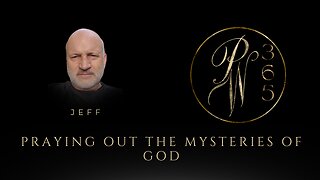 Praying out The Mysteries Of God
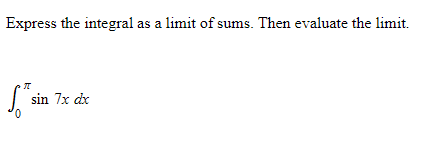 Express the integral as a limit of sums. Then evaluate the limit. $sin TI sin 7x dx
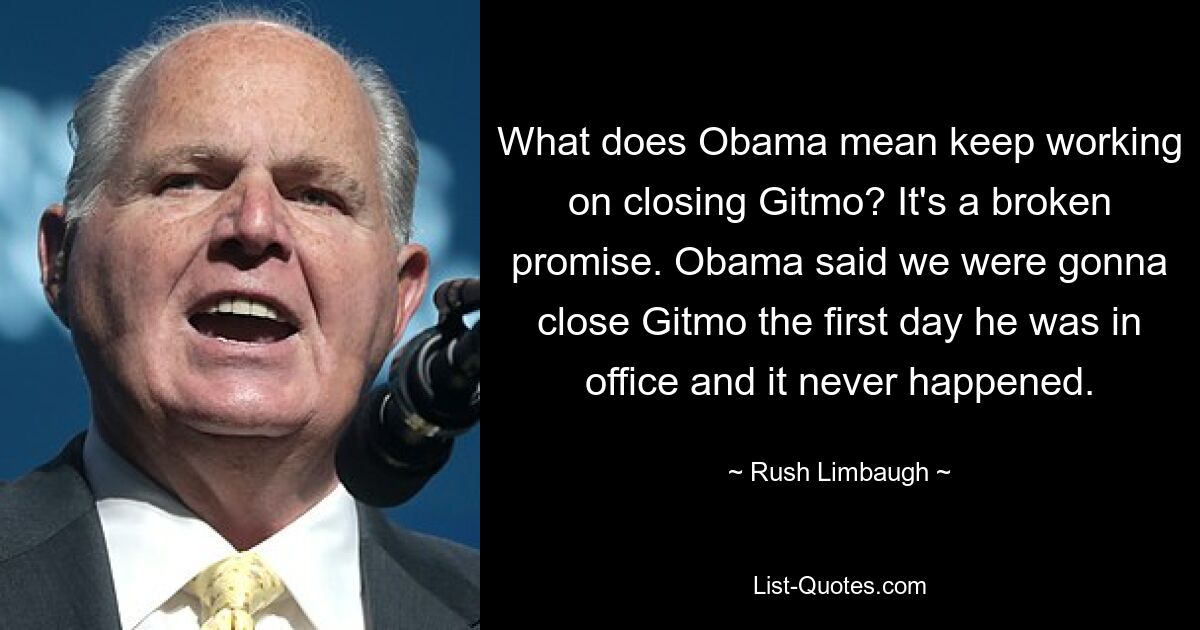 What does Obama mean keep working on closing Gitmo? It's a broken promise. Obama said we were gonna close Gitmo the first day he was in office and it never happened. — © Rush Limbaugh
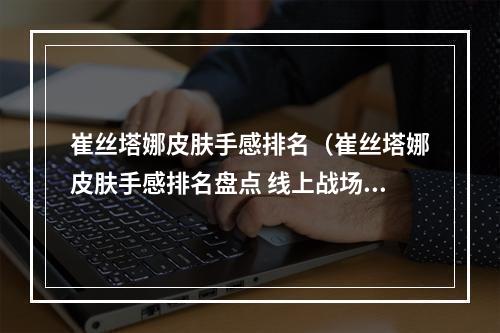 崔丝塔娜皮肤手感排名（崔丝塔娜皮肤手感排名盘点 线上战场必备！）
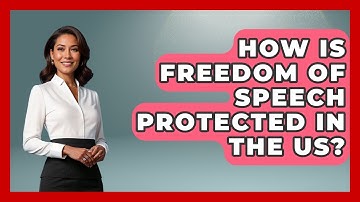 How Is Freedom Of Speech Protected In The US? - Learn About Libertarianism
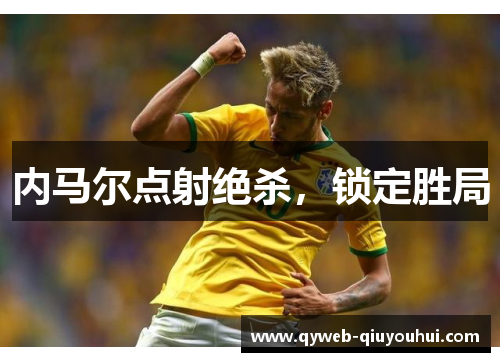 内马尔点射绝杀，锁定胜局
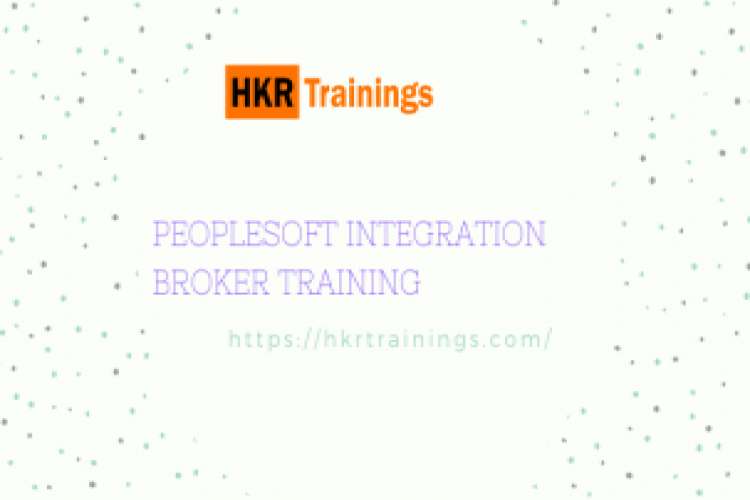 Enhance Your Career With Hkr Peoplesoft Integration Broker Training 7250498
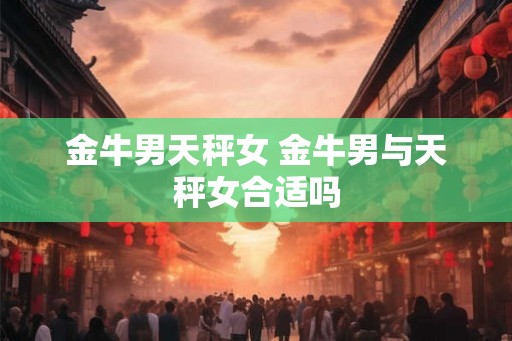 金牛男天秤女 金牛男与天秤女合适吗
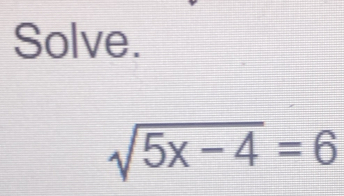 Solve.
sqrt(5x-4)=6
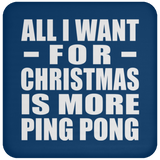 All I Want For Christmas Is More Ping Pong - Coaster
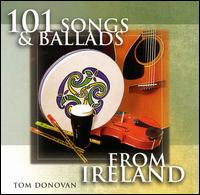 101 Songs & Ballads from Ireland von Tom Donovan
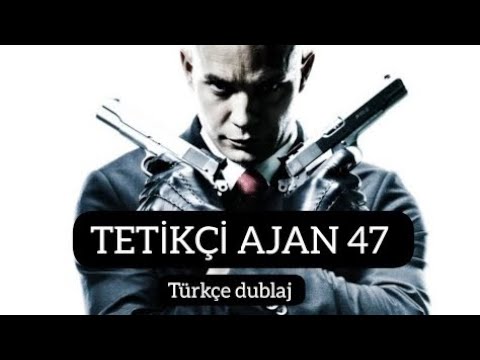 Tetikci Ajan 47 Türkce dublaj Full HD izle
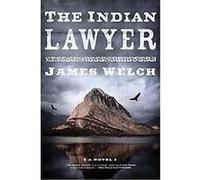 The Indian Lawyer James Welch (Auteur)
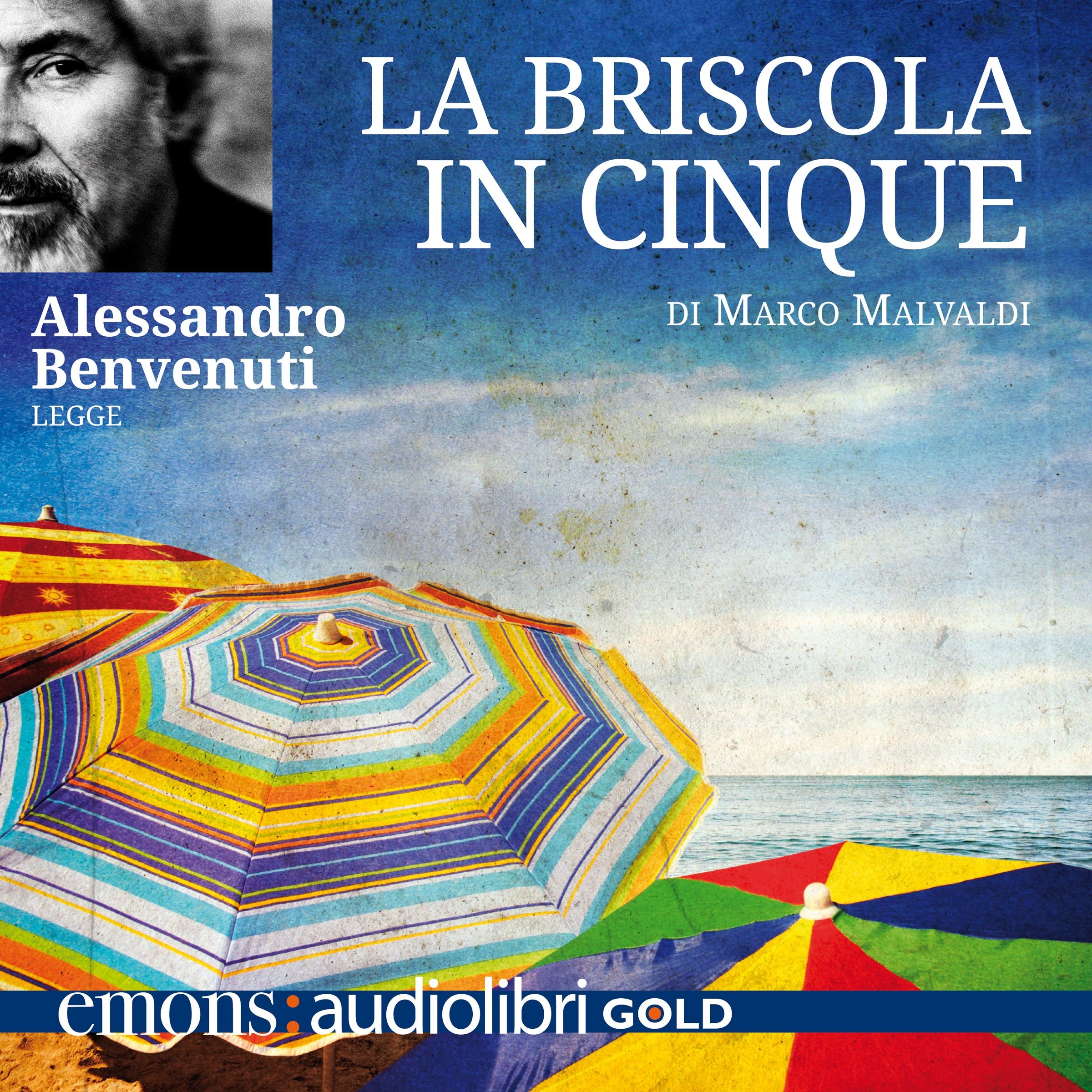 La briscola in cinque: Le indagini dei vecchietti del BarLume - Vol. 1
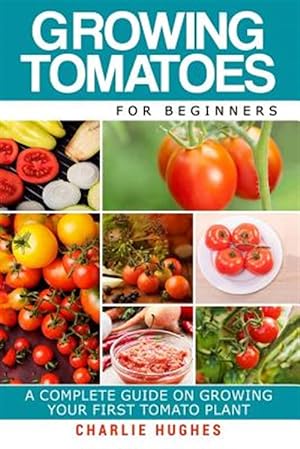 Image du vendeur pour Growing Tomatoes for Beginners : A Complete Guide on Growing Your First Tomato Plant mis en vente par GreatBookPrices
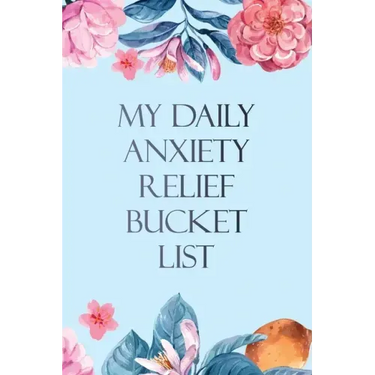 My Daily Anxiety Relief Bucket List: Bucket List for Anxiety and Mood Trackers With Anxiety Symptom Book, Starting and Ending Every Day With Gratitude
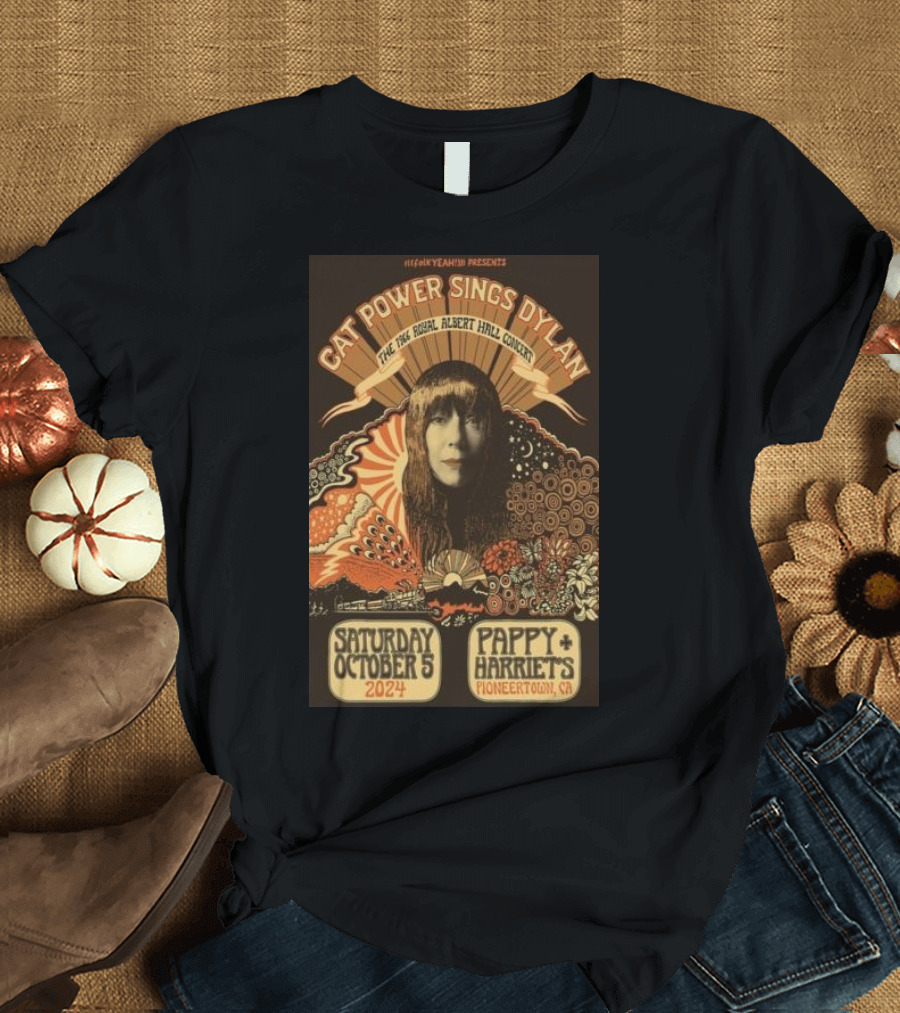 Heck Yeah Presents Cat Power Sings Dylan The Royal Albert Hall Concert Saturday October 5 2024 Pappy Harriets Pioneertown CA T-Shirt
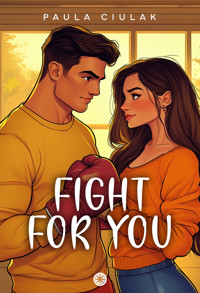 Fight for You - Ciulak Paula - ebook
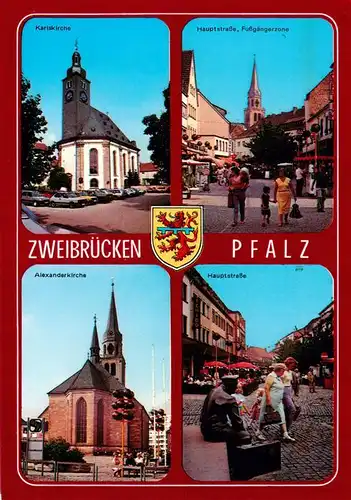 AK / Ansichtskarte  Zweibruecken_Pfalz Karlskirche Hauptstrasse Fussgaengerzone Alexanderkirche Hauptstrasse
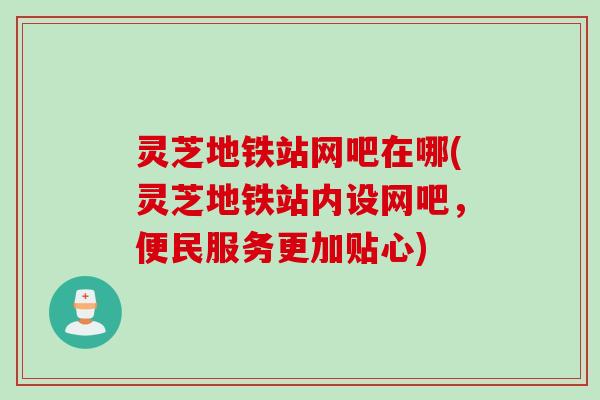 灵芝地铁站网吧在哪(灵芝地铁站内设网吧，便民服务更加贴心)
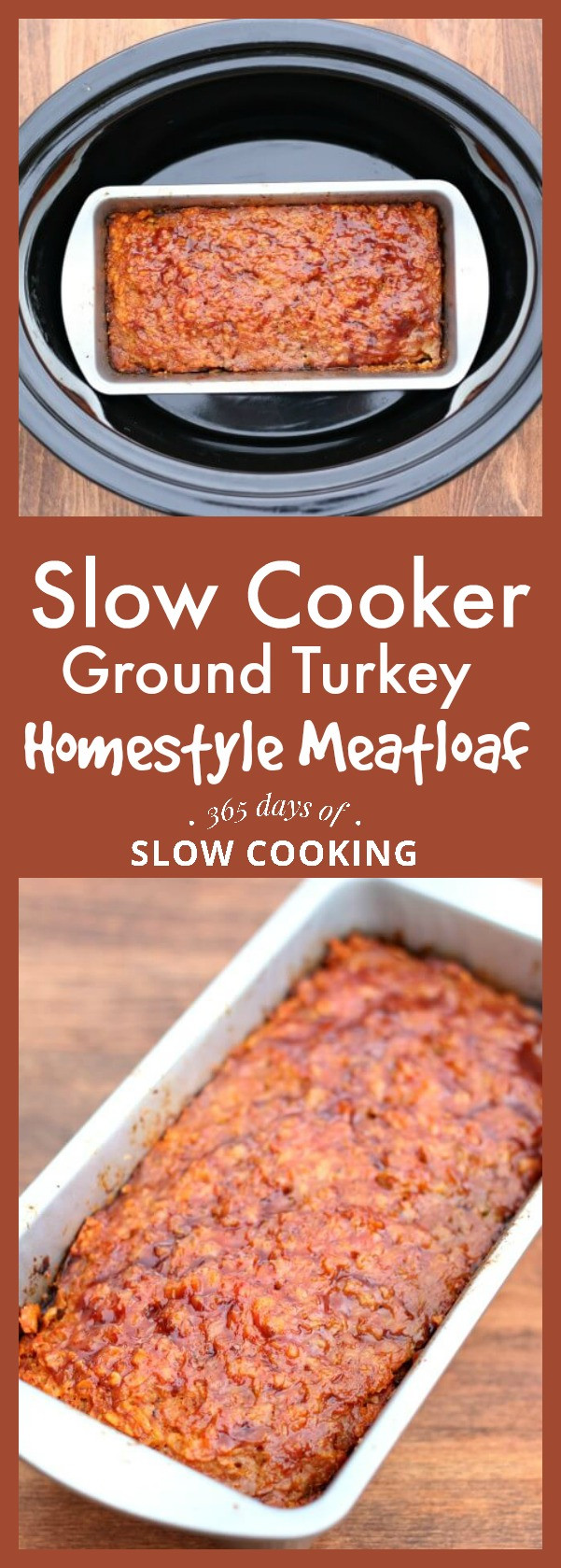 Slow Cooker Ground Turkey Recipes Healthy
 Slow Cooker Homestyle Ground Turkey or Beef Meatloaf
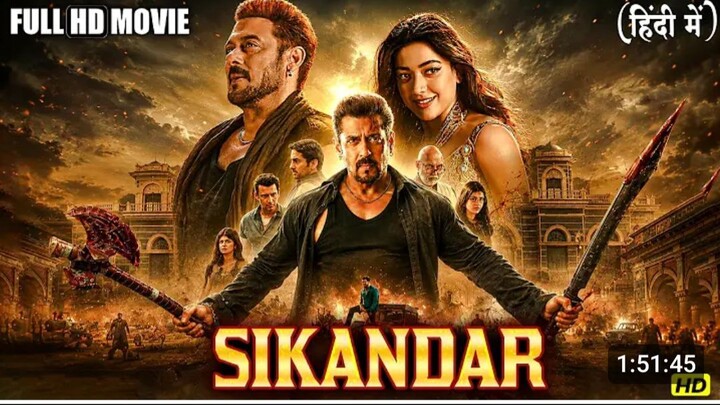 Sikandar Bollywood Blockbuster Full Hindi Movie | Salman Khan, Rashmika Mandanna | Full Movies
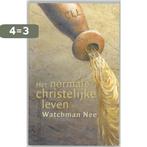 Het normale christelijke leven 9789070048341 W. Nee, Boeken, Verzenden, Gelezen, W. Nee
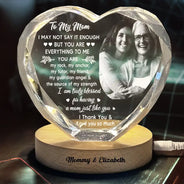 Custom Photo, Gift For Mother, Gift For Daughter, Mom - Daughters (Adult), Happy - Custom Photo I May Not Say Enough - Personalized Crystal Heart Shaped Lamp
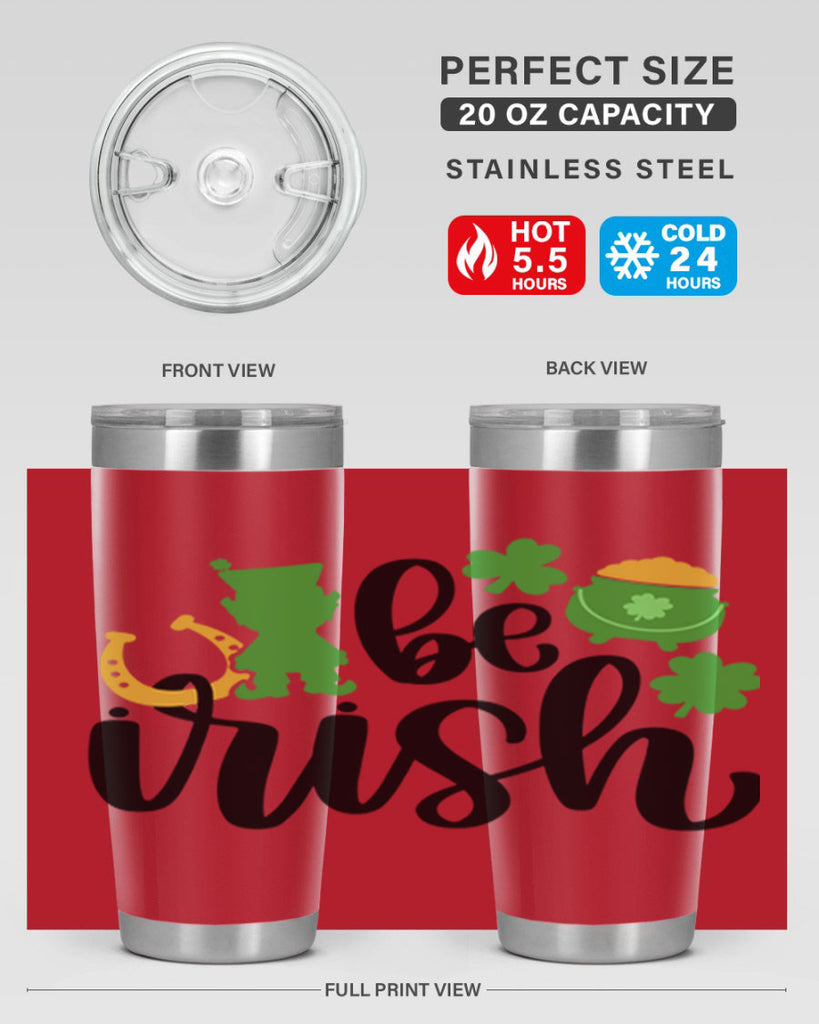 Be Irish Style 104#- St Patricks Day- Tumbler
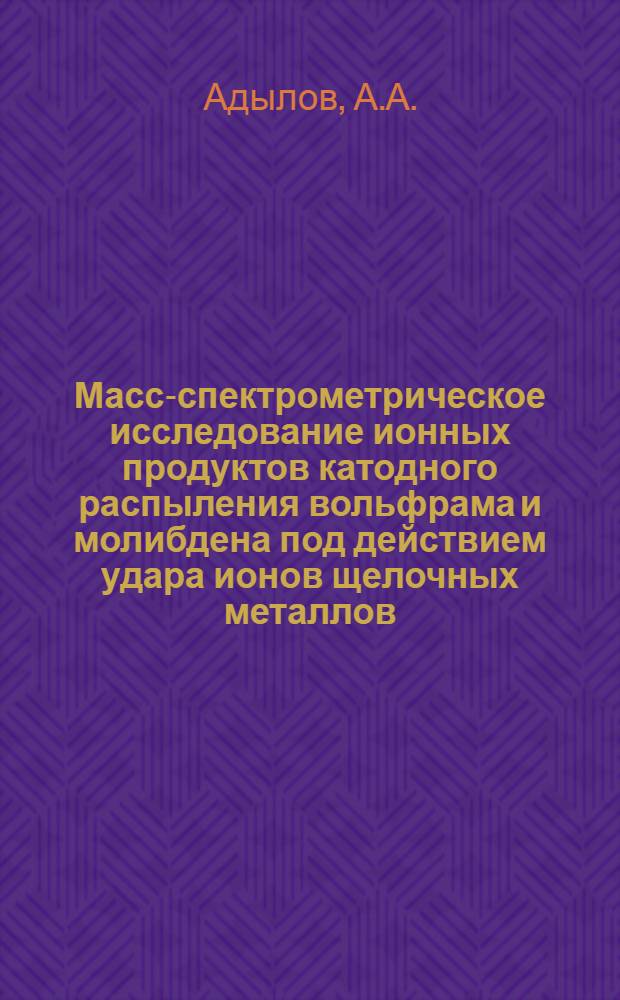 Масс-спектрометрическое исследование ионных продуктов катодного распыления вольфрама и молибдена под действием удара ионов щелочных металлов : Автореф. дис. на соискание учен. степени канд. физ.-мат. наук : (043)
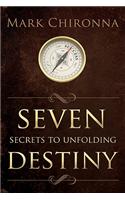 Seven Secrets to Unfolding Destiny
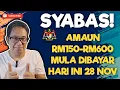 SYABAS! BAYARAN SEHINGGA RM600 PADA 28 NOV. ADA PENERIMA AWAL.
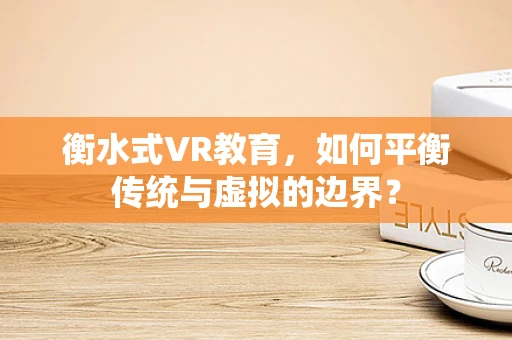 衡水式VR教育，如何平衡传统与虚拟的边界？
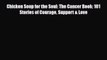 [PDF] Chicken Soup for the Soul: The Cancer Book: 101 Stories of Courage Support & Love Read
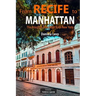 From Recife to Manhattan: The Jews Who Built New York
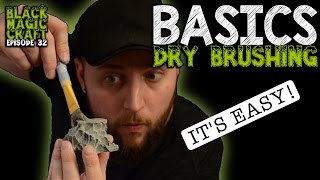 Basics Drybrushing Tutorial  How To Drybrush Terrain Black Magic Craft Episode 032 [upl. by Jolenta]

_ _ _

> Requirement:
The response is to contain exactly the lines from the beginning of the data through the line containing "What does Obama", both ends included, and nothing else; omit the pictures.

> Task answer:
 Praying out The Mysteries Of God
 Express the integral as a limit of sums. Then evaluate the limit. $sin TI sin 7x dx
 What does Obama mean keep working on closing Gitmo? It's a broken promise. Obama said we were gonna close Gitmo the first day he was in office and it never happened. — © Rush Limbaugh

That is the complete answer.